**WORK INSTRUCTION**
Images stay out. Everything else in the records is repeated exactly.

------ STORED DATA

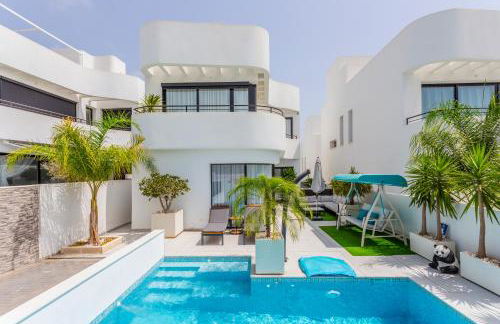 STYLISH VILLA 2018,POOL,3B.R.WIFI,NETFLIX - Foto 1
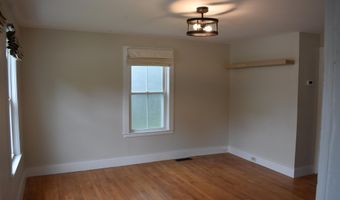 30-32 Main St, Bennington, NH 03442
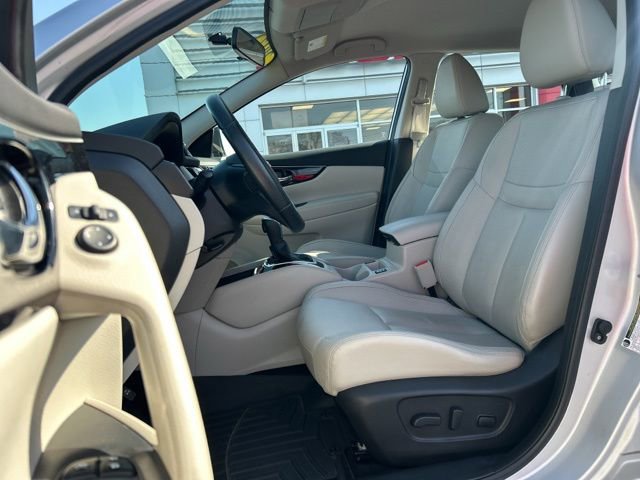 Used 2017 Nissan Rogue Sport SL image 27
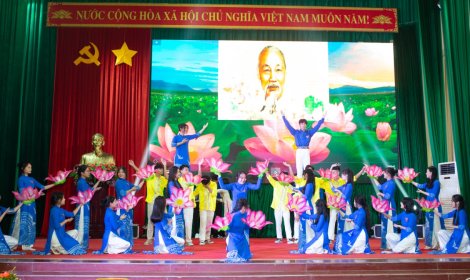 Hà Trung: Tổ chức Liên hoan Nghệ thuật quần chúng "Thanh niên Hát dân ca và ca khúc cách mạng" năm 2022. 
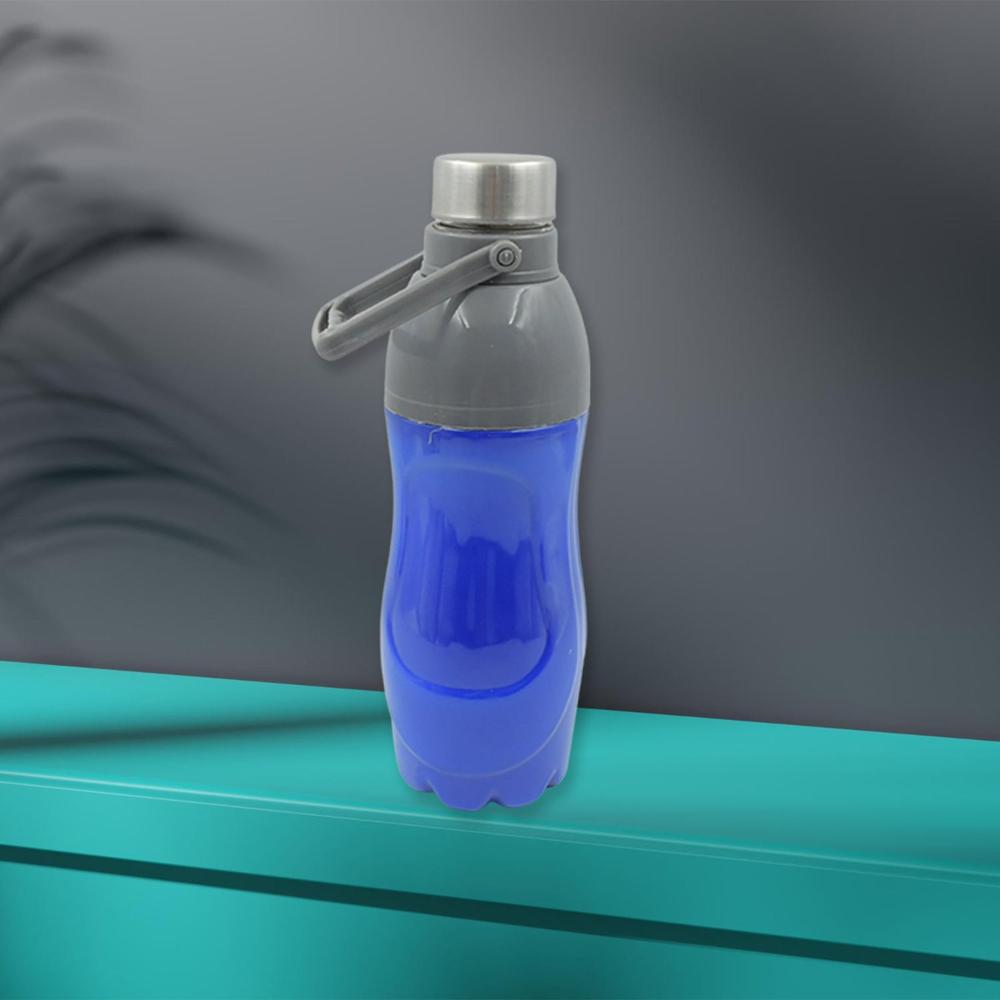 Plastic Sports Bottle (1.8L): Insulated, Leakproof, Bpa-Free (Mix Color) - Color: Mix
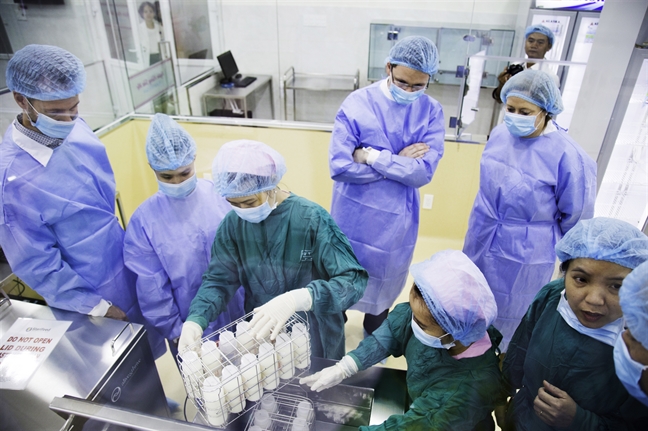 Những quy định khắt khe để tặng sữa cho Ngân hàng sữa mẹ đầu tiên tại TP.HCM Nhung quy dinh khat khe de tang sua cho Ngan hang sua me dau tien tai TP.HCM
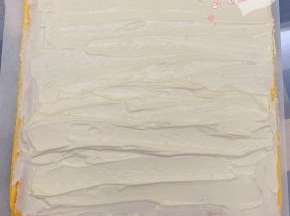 蛋糕（正卷、反卷都可以）尾端切成斜角，抹上豆乳馅，可加上喜欢的水果。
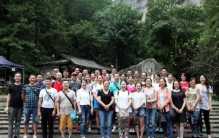 跟团旅游的时候 为啥到了饭点导游就不见（导游套路）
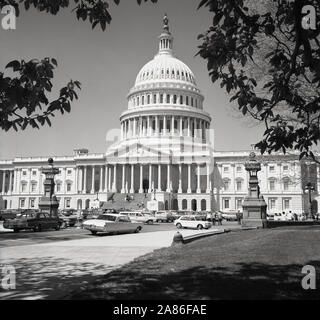 1950, historische, Washington D.C, USA, Bild aus dieser Ära der Capitol Building, der Heimat der uns Congess und Sitz der Legislative der US-Bundesregierung. Gebaut in einem neoklassischen Design, als es in den 1850er Jahren erweitert, eine große gusseiserne Kuppel die ursprüngliche kleinere untere Kuppel von 1818 ersetzt. Stockfoto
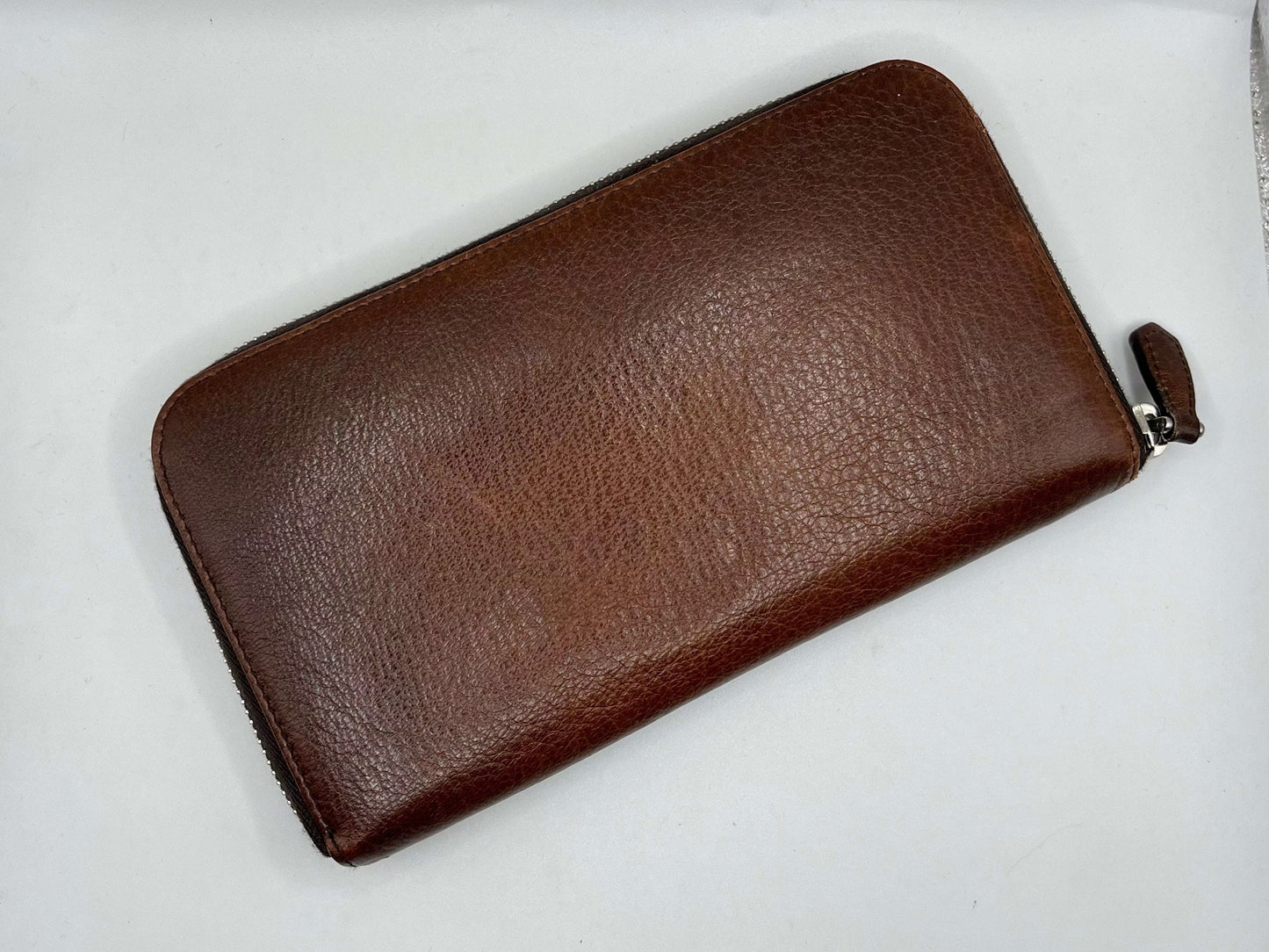 Brown PRADA leather longwallet, 20x10cm size, with zip closure.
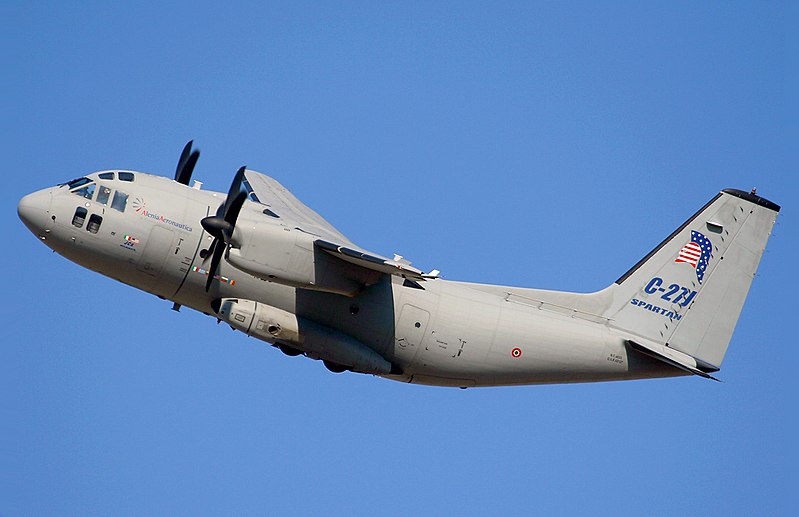 Vojenský dopravní letoun Alenia C-27J Spartan, který využívá motory Rolls-Royce AE 2100. Kredit: Konstantin von Wedelstaedt / Wikimedia Commons.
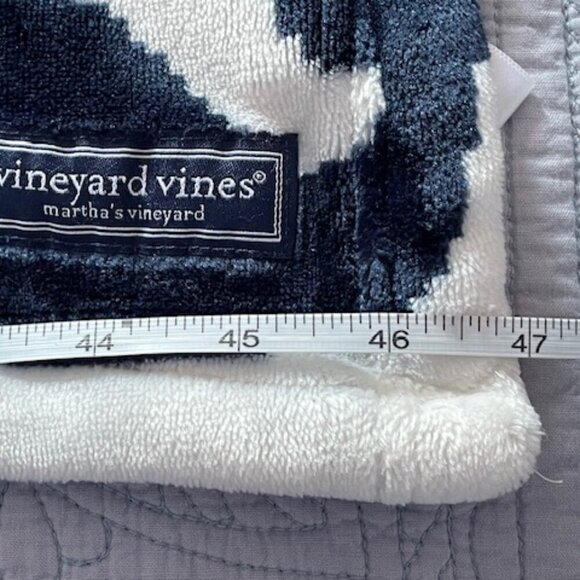 VINEYARD VINES Fair Isle Fleece Blanket Throw Navy Red White Whale Print - Picture 11 of 11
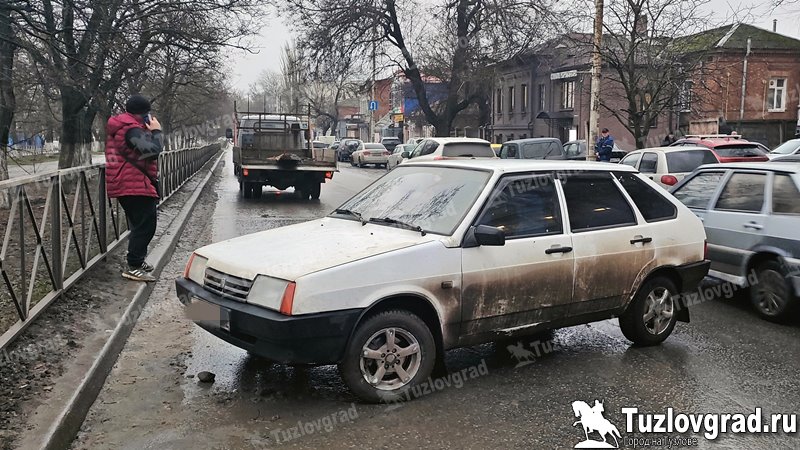 В Новочеркасске водителю легковушки стало плохо после столкновения с грузовиком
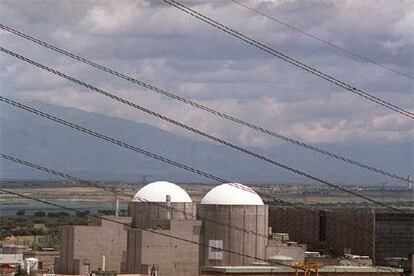 La central nuclear de Almaraz, Cáceres, se inauguró en los años ochenta y va a funcionar en principio hasta 2010.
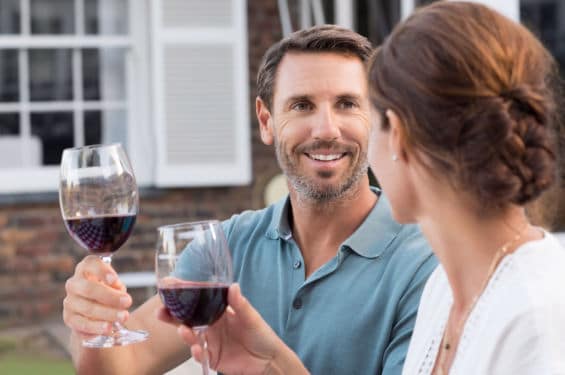 Weinfeste an der Mosel - Paar mit Rotwein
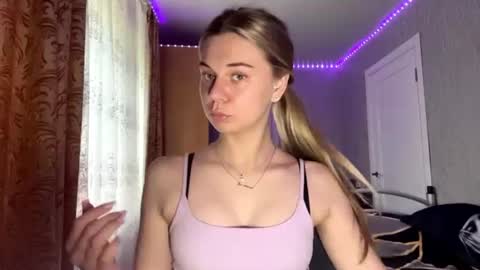 Snapshot of honeyaskren chatting on July 3, 9:37 am Klara online show from July 3, 9:37 am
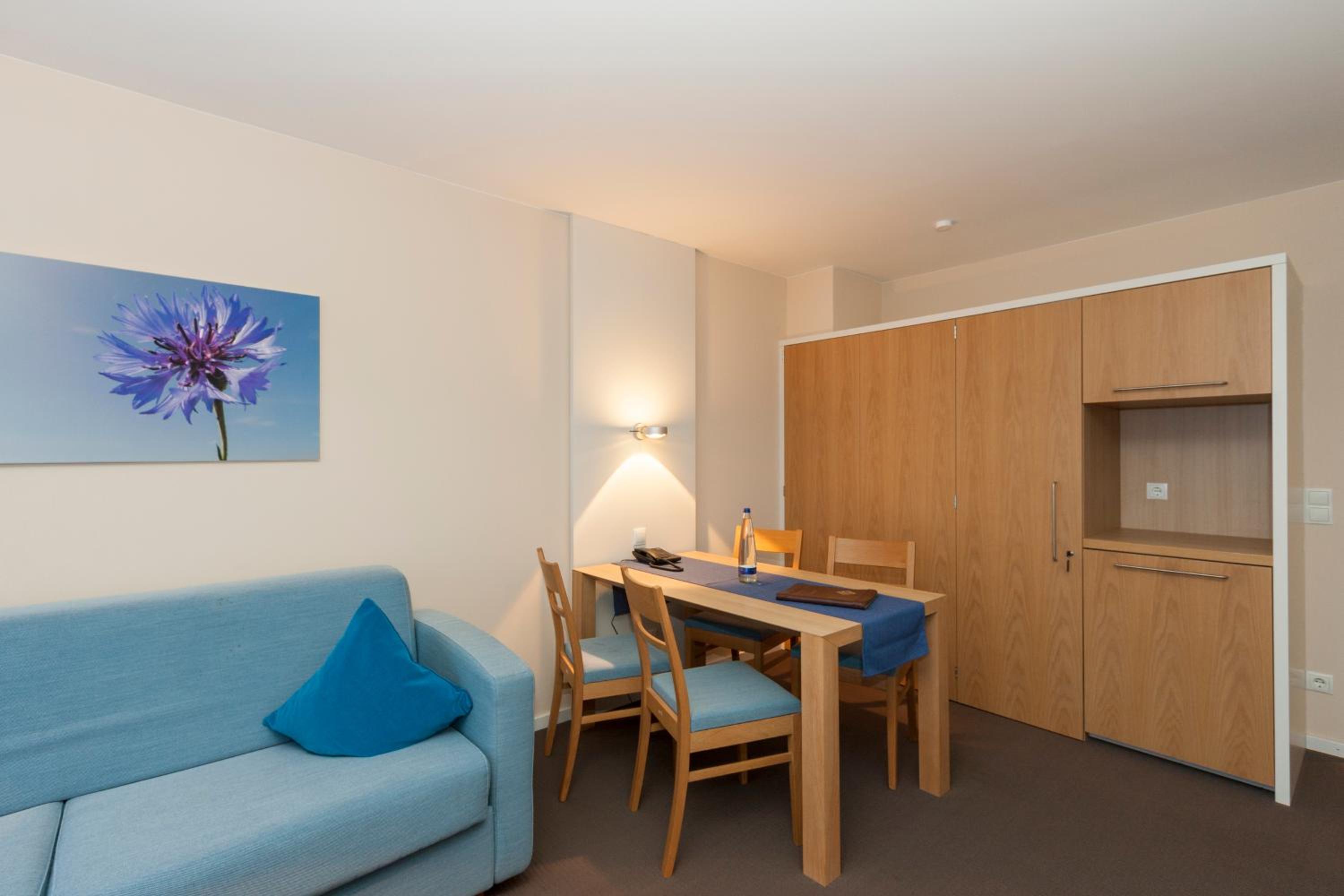 Apartment with Garden View - Photo 6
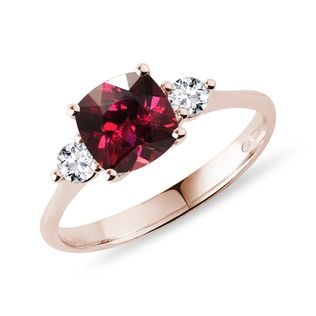 Prsten s rhodolitem a brilianty v růžovém zlatě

------------

**EXERCISE RESPONSE**
 STYLISH VILLA 2018,POOL,3B.R.WIFI,NETFLIX - Foto 1
 30-32 Main St, Bennington, NH 03442
 Used 2017 Nissan Rogue Sport SL image 27
 Hà Trung: Tổ chức Liên hoan Nghệ thuật quần chúng "Thanh niên Hát dân ca và ca khúc cách mạng" năm 2022. 
 Plastic Sports Bottle (1.8L): Insulated, Leakproof, Bpa-Free (Mix Color) - Color: Mix
 Những quy định khắt khe để tặng sữa cho Ngân hàng sữa mẹ đầu tiên tại TP.HCM Nhung quy dinh khat khe de tang sua cho Ngan hang sua me dau tien tai TP.HCM
 蛋糕（正卷、反卷都可以）尾端切成斜角，抹上豆乳馅，可加上喜欢的水果。
 跟团旅游的时候 为啥到了饭点导游就不见（导游套路）
 1950, historische, Washington D.C, USA, Bild aus dieser Ära der Capitol Building, der Heimat der uns Congess und Sitz der Legislative der US-Bundesregierung. Gebaut in einem neoklassischen Design, als es in den 1850er Jahren erweitert, eine große gusseiserne Kuppel die ursprüngliche kleinere untere Kuppel von 1818 ersetzt. Stockfoto
 Brown PRADA leather longwallet, 20x10cm size, with zip closure.
 Vojenský dopravní letoun Alenia C-27J Spartan, který využívá motory Rolls-Royce AE 2100. Kredit: Konstantin von Wedelstaedt / Wikimedia Commons.
 VINEYARD VINES Fair Isle Fleece Blanket Throw Navy Red White Whale Print - Picture 11 of 11
 В Новочеркасске водителю легковушки стало плохо после столкновения с грузовиком
 La central nuclear de Almaraz, Cáceres, se inauguró en los años ochenta y va a funcionar en principio hasta 2010.
 Weinfeste an der Mosel - Paar mit Rotwein
 Snapshot of honeyaskren chatting on July 3, 9:37 am Klara online show from July 3, 9:37 am
 Apartment with Garden View - Photo 6
 Prsten s rhodolitem a brilianty v růžovém zlatě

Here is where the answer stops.